Ауэзов был на голову выше всех, кого приходилось мне лично знать. Щедрый дар природы сделал его талант разносторонним: выдающийся писатель, пытливый ученый, блестящий оратор. Глядя на него, мы, бывало, поражались тому, как могло совмещаться столько редких качеств в одном человеке. И тогда нам казалось, что этот в меру солидный смуглый человек порою сам устает, находясь под грузом своего разностороннего таланта. Но у Ауэзова не было и тени душевной сытости и неподвижности, высмеянной еще Владимиром Маяковским. Вообще он, насколько мне помнится, никогда не бывал равнодушным и пассивным к происходящим событиям в этом отдающем пороховой гарью огромном, неспокойном мире. Начиная от погоды, от программы передач телестудии и радио, от первых стихов начинающего поэта, от манеры произношения слов и интонации какого-нибудь актера, вплоть до жилища чабанов на отдаленном пастбище — все, без исключения все интересовало, увлекало, волновало его, заставляя при этом постоянно бодрствовать и интенсивно работать его ум, фантазию и воображение.
Был однажды такой случай. Во время перерыва между лекциями в университете он вдруг глянул на портрет Абая, который бог весть сколько висел на стене кафедры казахской литературы, и люди как-то к нему привыкли, а он нет, с явным неодобрением заметил: «Да ведь настоящий Абай не такой. А этот больше походит на Калибека Куанышбаева».

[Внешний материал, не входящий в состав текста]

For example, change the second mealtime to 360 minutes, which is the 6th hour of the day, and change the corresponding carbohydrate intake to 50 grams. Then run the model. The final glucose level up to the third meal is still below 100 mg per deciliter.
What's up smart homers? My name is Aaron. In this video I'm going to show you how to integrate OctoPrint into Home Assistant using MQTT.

И его талант неусыпно бодрствовал, работал, вдохновение и порыв не покидали его, и он помимо своих романов и повестей всю жизнь не переставал восхищать нас, неожиданно блеснув то теоретической статьей о литературе, то чисто лингвистическим трактатом, то проблемным очерком о труде и быте чабанов. Несмотря на его кажущуюся внешнюю грузность, он в жизни был на редкость подтянутым и собранным. Особенно он преображался, когда работал. И не потому ли все созданное им — начиная от очерков до романов — отмечено блеском таланта, свежестью и оригинальностью мысли и способно захватить читателя, заставляя перенестись в мир его образов и мыслей.
Мне не раз приходилось слушать его лекции в КазГУ, в МГУ, бывать на его встречах с молодежью и на литературных диспутах. И всякий раз я поражался, как много вкладывает он в каждое импровизированное выступление. Был он блестящим оратором. Умел говорить мудро. У него это получалось естественно, просто. Трудно было только вначале. Вначале он чувствовал себя неуютно, словно смущался людей в зале, притихших в ожидании чего-то необыкновенного в его речи. Иногда он мучился, кашлял беспрестанно. И долго собирался с мыслями, которые, видимо, как начало многоводной горной реки, теснились, бурлили со всех сторон, а он стремился совладать с ними и до времени сдерживал их.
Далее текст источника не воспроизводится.